Today, self-service technology extends beyond the traditional self-service checkout. Handheld scanning devices, touchscreen kiosks, smartphones and tablets are all being used to enrich the in-store experience.

‘Stores are now blending physical and digital retailing, and allowing customers to be in control of their own retail experience,’ observes Katie Baron, senior retail editor at Stylus.com.

The technology, says Baron, hands over the control to the customer and provides them with the information they need to feel happy about their purchase. ‘Customers who shop online are used to being in control of their own experiences and now want to have the same amount of control in store. One brand in particular, Sneakerboy [Retail Focus, February 2014] has seen that although both men and women have shown the same level of interest in tech in the retail space, a larger amount of men are keen on browsing at their own pace. In response to this, the Australian brand allows customers to checkout their chosen items via in-store tablets or through the brand’s mobile app. These technologies are giving time-poor consumers the combination of traditional retailing and e-commerce, and ultimately enhancing the retail experience.’

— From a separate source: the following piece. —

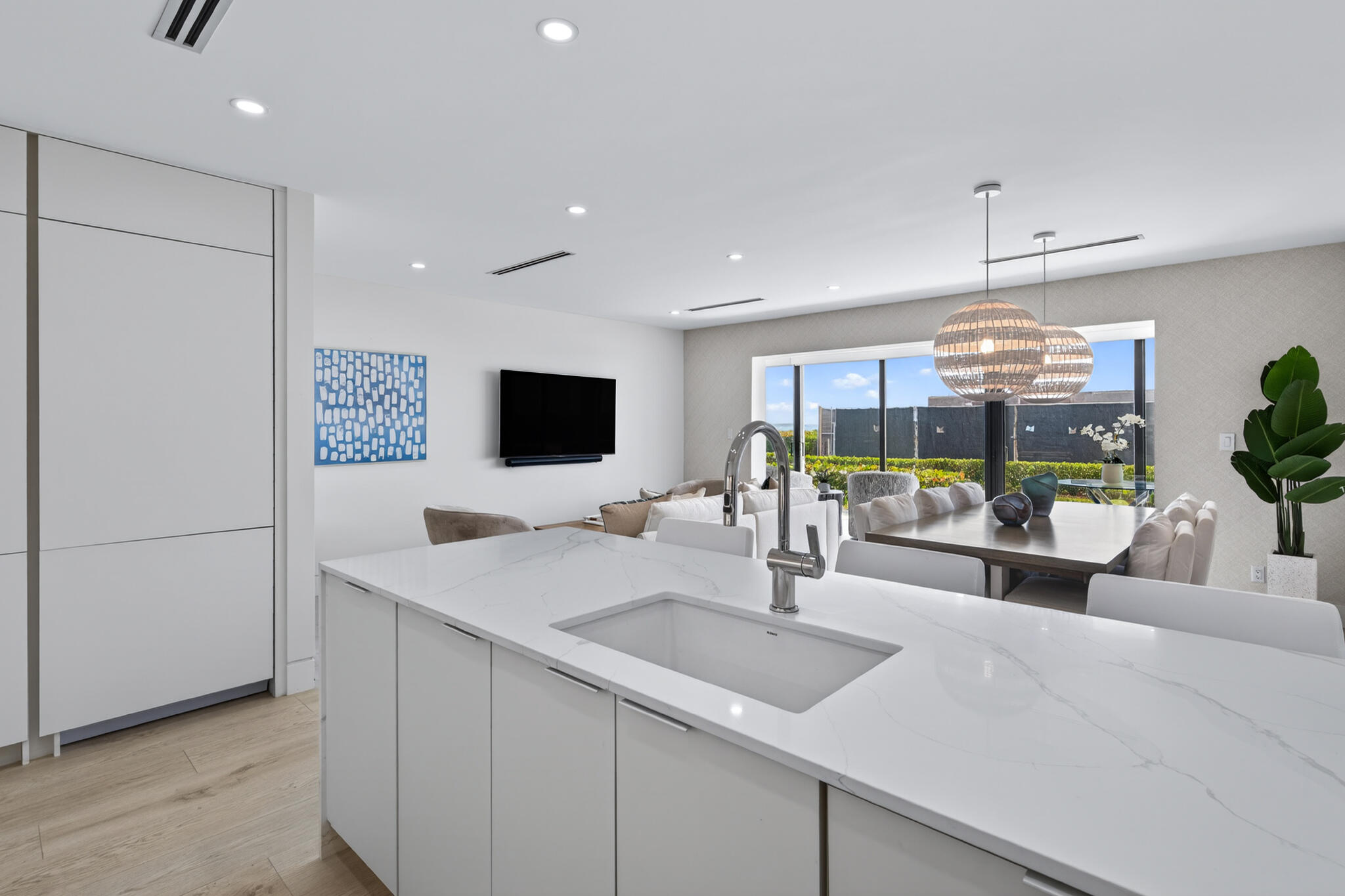 5720 Old Ocean Boulevard, Unit 5E Ocean Ridge, FL 33435 - Photo 11 of 29 a kitchen with a sink and a refrigerator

In the grocery segment, Waitrose is trialling a range of technologies at its new store in Swindon that are intended to enhance the consumer shopping experience. The branch has a number of touchscreen devices for customers to browse content and place orders as well as mobile charging points and a mobile payment app that could replace its QuickCheck scan-as-you-shop service. It is also one of the first supermarkets to test iBeacon technology, which transmits information and offers to customers as they enter the store.

When it comes to in-store self service, retailers need to think bigger, claims Kate Ancketill, CEO and founder of GDR Creative Intelligence. ‘Customers expect to be able to do almost anything on their smartphones,’ she says. ‘Increasingly, this now includes ordering via their phones before they’ve even arrived at a store, and using them as a payment method when they leave.’

David Lowrence, retail engagement manager at Fujitsu UK & Ireland, a leading supplier of self-checkout terminals, agrees that self-service processes have expanded from the original concept of static in-store, retailer provided technology to customer-owned devices. ‘This empowers the customer to a massive degree, allowing a full omnichannel shopping experience, and forcing retailers to cater for a BYOC (Bring Your Own Checkout) environment,’ he says. ‘The new approaches to self service, together with the associated technology are having a huge effect on both the customer journey and the retailers’ ability to “save the sale”. By linking omnichannel techniques to both user-provided and in-store self checkout devices, an endless aisle can be created so that the shopper can purchase anything, anywhere, anytime from one device.

‘The omnichannel world is here,’ says Lowrence, ‘and self service is a major part of that experience.’